Start of PROVIDED MATERIAL

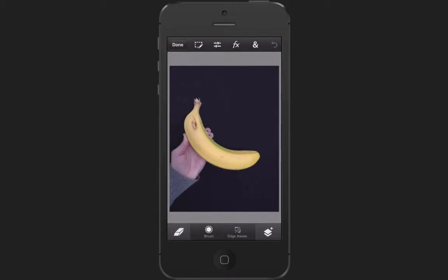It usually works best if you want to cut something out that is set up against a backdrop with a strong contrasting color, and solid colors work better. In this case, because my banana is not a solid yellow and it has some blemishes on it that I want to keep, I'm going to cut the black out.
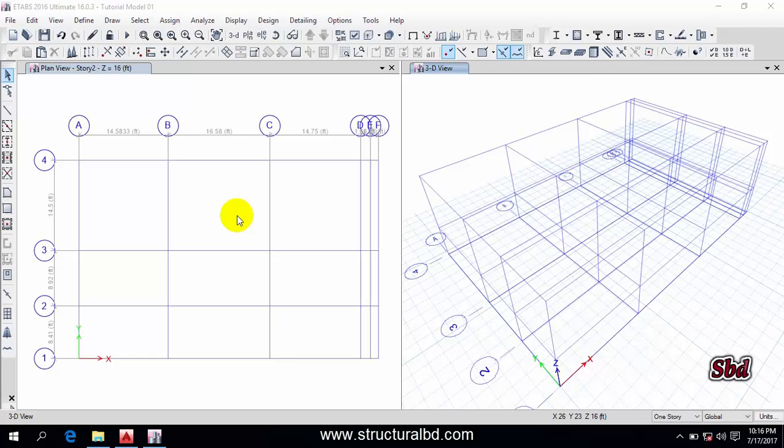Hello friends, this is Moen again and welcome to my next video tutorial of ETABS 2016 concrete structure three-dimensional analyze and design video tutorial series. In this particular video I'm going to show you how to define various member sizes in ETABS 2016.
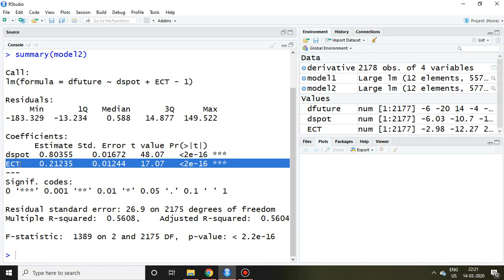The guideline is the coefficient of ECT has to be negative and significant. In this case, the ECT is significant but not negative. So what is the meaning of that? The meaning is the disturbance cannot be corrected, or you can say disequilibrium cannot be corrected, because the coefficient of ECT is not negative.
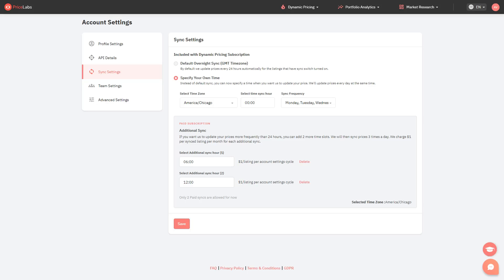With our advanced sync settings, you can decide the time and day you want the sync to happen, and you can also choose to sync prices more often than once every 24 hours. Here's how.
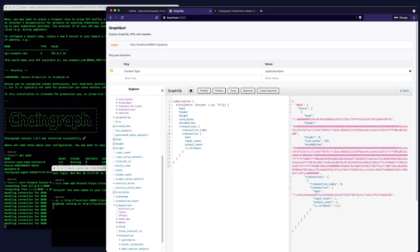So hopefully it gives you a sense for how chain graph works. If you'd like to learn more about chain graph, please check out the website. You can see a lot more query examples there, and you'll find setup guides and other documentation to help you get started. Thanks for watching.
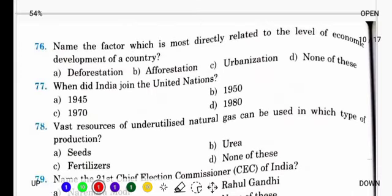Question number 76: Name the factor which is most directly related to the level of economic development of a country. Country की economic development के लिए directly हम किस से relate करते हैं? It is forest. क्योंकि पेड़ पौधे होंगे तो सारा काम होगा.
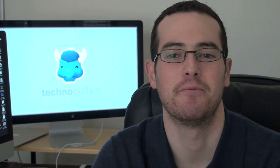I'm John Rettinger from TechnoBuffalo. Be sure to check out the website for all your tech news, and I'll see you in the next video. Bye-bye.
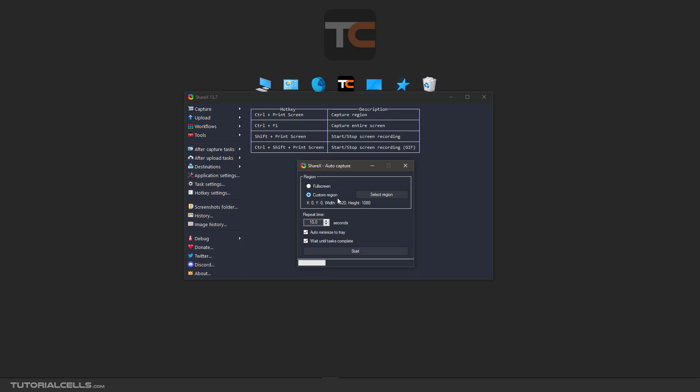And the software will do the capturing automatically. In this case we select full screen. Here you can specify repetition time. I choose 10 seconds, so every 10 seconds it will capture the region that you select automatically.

End of PROVIDED MATERIAL
Start of PROVIDED MATERIAL

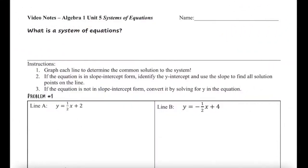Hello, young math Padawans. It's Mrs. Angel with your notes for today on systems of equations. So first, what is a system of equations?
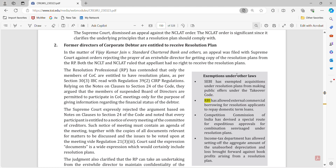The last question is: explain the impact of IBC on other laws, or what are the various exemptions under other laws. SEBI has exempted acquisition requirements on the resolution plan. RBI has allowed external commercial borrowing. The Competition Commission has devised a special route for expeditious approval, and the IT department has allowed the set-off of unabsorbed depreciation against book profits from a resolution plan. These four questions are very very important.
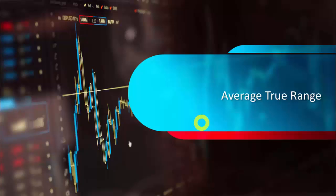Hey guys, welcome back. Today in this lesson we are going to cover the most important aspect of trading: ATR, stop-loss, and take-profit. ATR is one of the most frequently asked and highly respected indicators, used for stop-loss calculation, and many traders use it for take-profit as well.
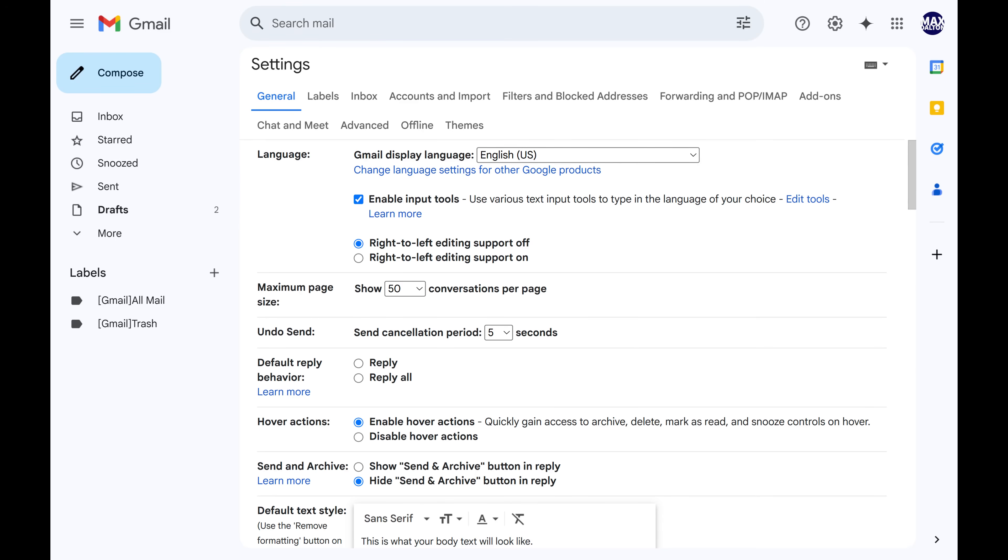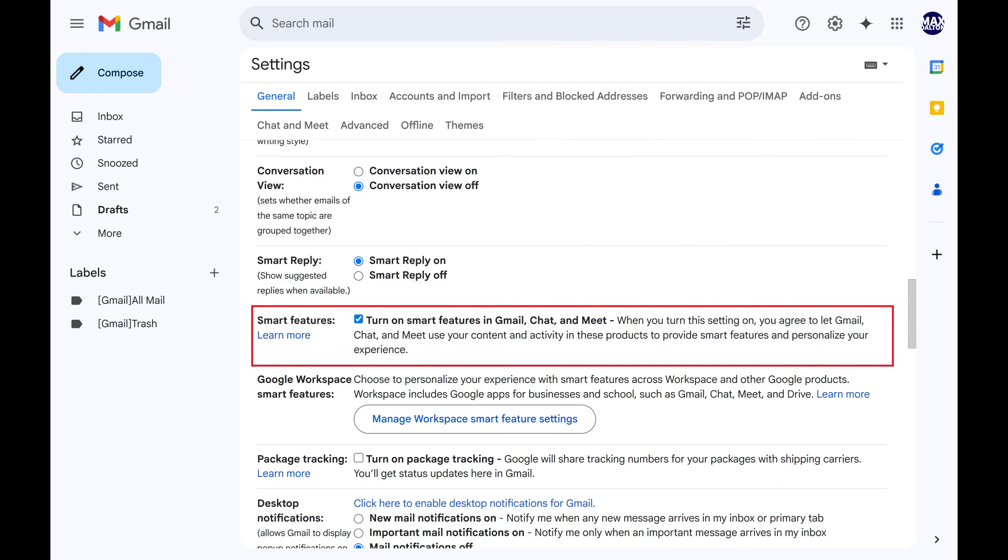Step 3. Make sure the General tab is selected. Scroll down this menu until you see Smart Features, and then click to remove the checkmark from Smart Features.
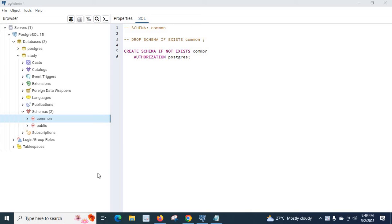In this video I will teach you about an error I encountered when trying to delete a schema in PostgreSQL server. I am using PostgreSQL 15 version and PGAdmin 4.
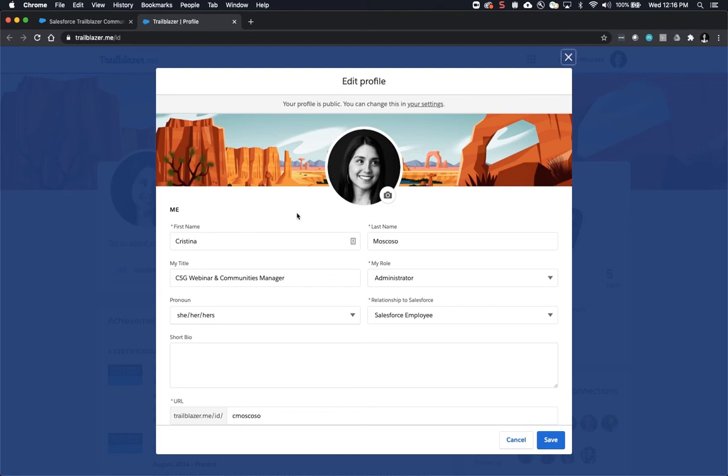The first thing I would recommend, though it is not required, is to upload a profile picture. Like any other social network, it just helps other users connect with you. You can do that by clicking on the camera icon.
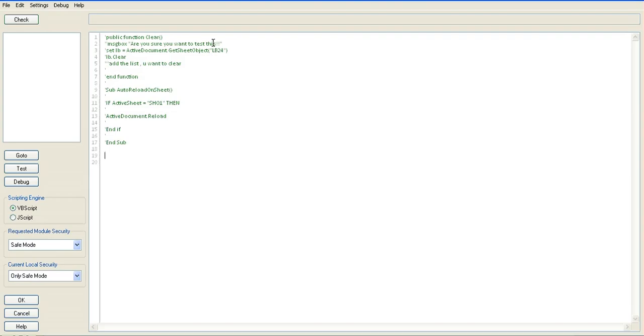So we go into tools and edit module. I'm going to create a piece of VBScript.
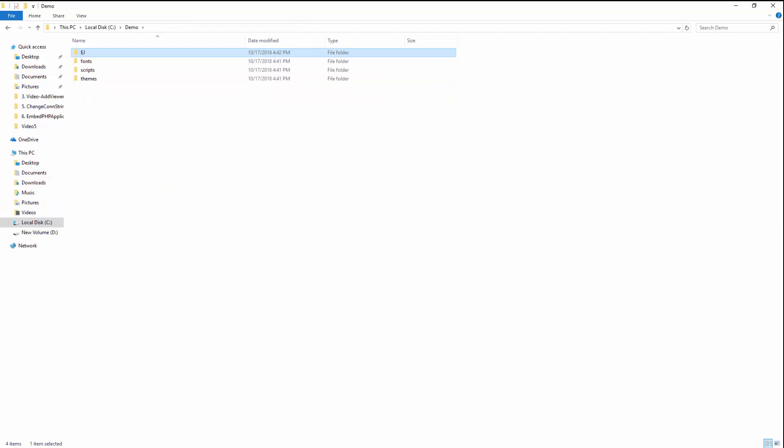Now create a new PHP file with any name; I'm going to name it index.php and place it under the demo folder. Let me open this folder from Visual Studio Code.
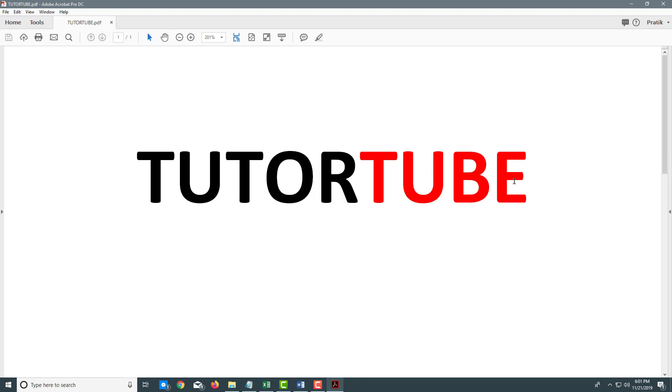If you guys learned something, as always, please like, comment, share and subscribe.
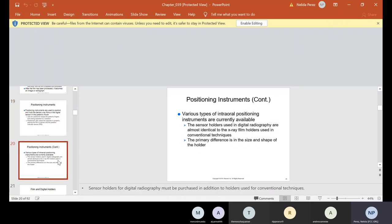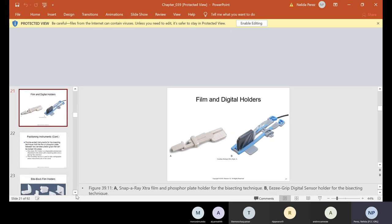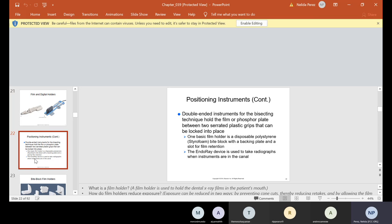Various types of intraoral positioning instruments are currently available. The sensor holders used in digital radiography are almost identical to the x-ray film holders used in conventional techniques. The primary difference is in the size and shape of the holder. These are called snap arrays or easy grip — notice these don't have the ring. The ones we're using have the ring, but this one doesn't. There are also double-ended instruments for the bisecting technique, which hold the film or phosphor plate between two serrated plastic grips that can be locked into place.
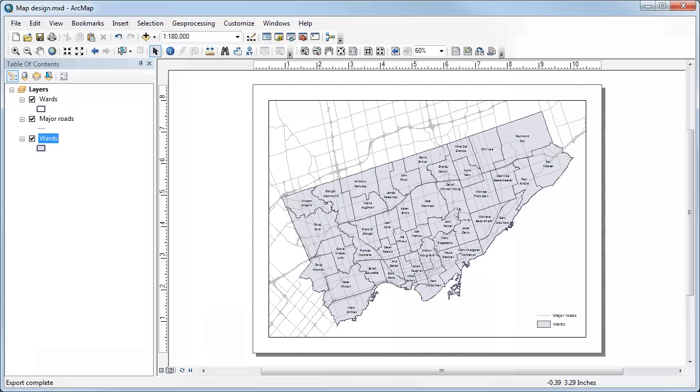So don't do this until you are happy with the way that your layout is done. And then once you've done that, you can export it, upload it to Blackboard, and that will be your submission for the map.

End of PROVIDED MATERIAL

● WORK INSTRUCTIONS
An exact copy is needed. It runs from the line above containing "If you guys" down to the line containing "So don't do", both included, with no pictures.

● WRITTEN RESPONSE
If you guys learned something, as always, please like, comment, share and subscribe.
Various types of intraoral positioning instruments are currently available. The sensor holders used in digital radiography are almost identical to the x-ray film holders used in conventional techniques. The primary difference is in the size and shape of the holder. These are called snap arrays or easy grip — notice these don't have the ring. The ones we're using have the ring, but this one doesn't. There are also double-ended instruments for the bisecting technique, which hold the film or phosphor plate between two serrated plastic grips that can be locked into place.
So don't do this until you are happy with the way that your layout is done. And then once you've done that, you can export it, upload it to Blackboard, and that will be your submission for the map.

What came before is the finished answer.